Building a Custom Token Manager with Circuit Breaker Pattern
Authentication token management sounds simple until it isn't. Refresh the token before it expires, redirect to login when it fails — what could go wrong? In our React Native regulated app, the answer was: everything. Race conditions during concurrent refreshes, infinite retry loops when the auth server was down, stale tokens in WebView contexts, and zombie sessions that should have expired hours ago. Here's how I built a custom TokenManager that solved all of it.
The Requirements That Broke Standard Solutions
Our token lifecycle had constraints that off-the-shelf solutions couldn't handle:
- 90% lifetime refresh: Refresh tokens at 90% of their lifetime, not at expiry
- Circuit breaker: Stop hammering the auth server when it's down
- Mutex logout: Only one logout operation at a time, even with concurrent triggers
- 8-hour session timeout: Hard cap regardless of token validity
- 15-minute WebView grace period: WebView contexts get extra time before forced re-auth
No library I found handled all five. So I built one.

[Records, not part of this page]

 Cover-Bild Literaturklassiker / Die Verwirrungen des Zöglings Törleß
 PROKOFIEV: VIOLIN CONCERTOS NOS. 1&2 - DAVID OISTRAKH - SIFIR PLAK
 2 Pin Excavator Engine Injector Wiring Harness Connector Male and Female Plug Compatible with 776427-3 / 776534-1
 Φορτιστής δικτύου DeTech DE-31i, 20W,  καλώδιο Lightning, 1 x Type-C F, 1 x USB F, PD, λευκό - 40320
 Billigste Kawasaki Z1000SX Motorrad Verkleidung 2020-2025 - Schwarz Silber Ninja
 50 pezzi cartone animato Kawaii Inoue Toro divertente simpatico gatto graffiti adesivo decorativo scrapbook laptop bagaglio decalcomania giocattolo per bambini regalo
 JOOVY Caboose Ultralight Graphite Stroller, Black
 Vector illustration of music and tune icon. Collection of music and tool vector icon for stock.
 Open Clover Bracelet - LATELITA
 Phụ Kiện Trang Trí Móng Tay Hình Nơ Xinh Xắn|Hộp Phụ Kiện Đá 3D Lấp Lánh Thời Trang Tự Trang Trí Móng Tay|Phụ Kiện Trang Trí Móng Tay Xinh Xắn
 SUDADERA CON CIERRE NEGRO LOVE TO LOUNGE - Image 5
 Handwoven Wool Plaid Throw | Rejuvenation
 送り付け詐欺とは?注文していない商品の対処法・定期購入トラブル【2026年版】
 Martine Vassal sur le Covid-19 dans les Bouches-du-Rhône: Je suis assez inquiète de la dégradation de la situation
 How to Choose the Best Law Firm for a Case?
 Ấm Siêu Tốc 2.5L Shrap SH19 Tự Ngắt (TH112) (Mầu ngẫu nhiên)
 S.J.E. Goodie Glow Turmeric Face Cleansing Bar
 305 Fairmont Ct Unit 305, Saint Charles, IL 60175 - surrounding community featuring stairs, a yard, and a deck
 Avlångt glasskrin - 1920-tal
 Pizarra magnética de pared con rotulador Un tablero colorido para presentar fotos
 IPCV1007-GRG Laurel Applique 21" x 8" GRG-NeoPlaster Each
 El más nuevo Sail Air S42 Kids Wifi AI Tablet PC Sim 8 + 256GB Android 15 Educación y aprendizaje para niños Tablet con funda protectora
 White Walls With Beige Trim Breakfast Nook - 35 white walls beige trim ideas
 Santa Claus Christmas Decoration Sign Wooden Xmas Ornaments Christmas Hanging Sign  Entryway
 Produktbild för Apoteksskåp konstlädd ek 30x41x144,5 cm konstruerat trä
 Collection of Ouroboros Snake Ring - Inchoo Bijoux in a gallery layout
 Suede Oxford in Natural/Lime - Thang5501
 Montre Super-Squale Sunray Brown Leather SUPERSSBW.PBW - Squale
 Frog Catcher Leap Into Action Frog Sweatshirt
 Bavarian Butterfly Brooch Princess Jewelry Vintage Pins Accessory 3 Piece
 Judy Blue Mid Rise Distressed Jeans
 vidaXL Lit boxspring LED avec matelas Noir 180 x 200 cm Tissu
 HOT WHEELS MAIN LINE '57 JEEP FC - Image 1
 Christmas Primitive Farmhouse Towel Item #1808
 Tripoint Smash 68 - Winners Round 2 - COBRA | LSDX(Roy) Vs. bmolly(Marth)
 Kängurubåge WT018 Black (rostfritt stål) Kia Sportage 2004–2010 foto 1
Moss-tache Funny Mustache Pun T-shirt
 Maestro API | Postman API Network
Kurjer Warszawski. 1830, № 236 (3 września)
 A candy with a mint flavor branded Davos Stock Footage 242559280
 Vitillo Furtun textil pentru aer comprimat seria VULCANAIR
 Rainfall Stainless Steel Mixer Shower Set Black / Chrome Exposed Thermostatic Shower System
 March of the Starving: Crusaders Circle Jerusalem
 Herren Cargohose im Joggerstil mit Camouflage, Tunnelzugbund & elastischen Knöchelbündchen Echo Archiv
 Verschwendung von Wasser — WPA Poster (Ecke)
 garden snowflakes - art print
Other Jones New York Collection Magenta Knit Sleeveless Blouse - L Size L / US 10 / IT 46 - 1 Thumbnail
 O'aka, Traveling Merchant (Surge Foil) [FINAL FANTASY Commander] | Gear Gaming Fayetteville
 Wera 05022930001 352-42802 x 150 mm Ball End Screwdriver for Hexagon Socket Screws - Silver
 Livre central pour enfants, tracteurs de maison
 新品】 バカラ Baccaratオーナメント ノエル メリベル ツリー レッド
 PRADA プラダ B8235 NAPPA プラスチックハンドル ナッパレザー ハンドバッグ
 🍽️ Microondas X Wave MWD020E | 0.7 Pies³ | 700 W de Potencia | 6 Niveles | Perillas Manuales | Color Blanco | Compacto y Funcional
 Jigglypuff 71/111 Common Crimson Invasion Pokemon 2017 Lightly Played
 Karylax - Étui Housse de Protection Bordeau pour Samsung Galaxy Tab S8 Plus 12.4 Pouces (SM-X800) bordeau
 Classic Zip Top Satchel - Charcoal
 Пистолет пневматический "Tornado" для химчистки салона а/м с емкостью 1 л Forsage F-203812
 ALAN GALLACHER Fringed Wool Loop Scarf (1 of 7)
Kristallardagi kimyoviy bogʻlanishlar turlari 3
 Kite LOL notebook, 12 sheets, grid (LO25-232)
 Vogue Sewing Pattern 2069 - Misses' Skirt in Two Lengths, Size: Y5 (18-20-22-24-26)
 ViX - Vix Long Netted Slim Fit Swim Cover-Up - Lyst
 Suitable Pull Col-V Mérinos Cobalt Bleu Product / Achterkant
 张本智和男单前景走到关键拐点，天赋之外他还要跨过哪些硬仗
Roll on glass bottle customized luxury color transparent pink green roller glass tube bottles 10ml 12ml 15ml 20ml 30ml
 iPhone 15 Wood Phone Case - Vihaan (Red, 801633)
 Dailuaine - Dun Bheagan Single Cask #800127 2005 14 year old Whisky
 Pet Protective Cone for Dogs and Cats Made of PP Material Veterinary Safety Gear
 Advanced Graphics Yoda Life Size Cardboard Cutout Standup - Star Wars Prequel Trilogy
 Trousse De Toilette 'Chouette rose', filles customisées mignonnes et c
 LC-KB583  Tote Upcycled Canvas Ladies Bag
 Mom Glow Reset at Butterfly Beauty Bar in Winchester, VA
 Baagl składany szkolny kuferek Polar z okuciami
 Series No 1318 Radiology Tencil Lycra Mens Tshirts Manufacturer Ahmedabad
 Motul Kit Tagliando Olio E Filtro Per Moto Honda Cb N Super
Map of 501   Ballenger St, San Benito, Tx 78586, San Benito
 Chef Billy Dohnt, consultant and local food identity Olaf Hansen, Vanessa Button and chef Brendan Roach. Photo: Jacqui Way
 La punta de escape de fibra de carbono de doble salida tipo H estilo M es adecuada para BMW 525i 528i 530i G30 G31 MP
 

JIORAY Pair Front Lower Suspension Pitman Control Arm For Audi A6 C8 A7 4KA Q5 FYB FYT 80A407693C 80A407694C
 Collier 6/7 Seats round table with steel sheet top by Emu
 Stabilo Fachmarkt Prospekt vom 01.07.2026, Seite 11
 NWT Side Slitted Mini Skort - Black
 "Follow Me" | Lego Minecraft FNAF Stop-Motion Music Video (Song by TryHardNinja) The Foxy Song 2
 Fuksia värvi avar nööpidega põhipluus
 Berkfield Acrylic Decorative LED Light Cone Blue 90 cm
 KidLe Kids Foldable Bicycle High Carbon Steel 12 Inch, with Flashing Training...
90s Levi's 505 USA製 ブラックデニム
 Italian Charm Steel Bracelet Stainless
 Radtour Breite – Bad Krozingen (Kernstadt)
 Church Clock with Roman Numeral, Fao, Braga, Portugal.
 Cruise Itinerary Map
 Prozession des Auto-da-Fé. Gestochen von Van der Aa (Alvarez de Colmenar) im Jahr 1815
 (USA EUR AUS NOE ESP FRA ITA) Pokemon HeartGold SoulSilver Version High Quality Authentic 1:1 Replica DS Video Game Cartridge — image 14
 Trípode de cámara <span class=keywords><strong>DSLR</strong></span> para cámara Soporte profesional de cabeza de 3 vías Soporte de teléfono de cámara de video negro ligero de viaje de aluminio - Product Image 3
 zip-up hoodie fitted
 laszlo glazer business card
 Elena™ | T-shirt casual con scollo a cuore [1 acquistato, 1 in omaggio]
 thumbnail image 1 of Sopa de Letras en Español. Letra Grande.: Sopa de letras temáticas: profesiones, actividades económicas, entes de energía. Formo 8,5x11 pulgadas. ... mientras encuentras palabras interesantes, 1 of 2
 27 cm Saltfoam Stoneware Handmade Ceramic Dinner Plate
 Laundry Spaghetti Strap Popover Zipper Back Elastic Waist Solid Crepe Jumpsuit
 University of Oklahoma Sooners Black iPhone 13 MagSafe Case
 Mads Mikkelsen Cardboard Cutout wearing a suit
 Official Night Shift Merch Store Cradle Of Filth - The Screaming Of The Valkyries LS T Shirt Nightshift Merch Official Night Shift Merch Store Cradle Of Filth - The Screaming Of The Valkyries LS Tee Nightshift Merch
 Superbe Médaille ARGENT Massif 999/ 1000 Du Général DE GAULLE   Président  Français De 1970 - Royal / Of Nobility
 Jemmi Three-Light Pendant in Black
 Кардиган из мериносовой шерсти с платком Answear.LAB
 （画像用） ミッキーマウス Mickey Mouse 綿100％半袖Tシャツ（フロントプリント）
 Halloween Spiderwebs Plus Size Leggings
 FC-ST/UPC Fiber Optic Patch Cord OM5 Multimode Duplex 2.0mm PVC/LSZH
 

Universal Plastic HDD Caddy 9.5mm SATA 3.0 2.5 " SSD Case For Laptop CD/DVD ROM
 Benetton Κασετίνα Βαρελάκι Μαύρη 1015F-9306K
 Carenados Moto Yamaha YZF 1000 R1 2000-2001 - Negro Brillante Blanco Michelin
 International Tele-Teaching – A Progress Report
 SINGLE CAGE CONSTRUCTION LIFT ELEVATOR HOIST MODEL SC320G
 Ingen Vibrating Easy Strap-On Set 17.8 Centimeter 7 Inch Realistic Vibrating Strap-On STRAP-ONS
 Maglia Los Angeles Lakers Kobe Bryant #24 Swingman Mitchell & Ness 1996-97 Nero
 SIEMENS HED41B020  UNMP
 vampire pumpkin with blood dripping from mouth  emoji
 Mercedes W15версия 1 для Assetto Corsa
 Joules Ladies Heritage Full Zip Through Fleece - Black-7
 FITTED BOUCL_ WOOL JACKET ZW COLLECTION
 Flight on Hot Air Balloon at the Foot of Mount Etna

The TokenManager Architecture
typescript// tokenManager.ts
interface TokenState {
accessToken: string | null;
refreshToken: string | null;
expiresAt: number;
sessionStartedAt: number;
lastActivity: number;
}
interface CircuitBreakerState {
failures: number;
lastFailure: number;
state: 'closed' | 'open' | 'half-open';
}
const SESSION_TIMEOUT = 8 * 60 * 60 * 1000; // 8 hours
const WEBVIEW_GRACE = 15 * 60 * 1000; // 15 minutes
const REFRESH_THRESHOLD = 0.9; // 90% of lifetime
const CIRCUIT_BREAKER_THRESHOLD = 3;
const CIRCUIT_BREAKER_RESET = 30 * 1000; // 30 seconds
class TokenManager {
private state: TokenState;
private circuitBreaker: CircuitBreakerState;
private refreshPromise: Promise<string> | null = null;
private logoutMutex: boolean = false;
constructor() {
this.state = {
accessToken: null,
refreshToken: null,
expiresAt: 0,
sessionStartedAt: 0,
lastActivity: 0,
};
this.circuitBreaker = {
failures: 0,
lastFailure: 0,
state: 'closed',
};
}
}
The 90% Lifetime Refresh Strategy
Most implementations refresh tokens when they get a 401 response. That's reactive — and in a regulated app, it means the user sees a loading state while the token refreshes. I wanted to be proactive.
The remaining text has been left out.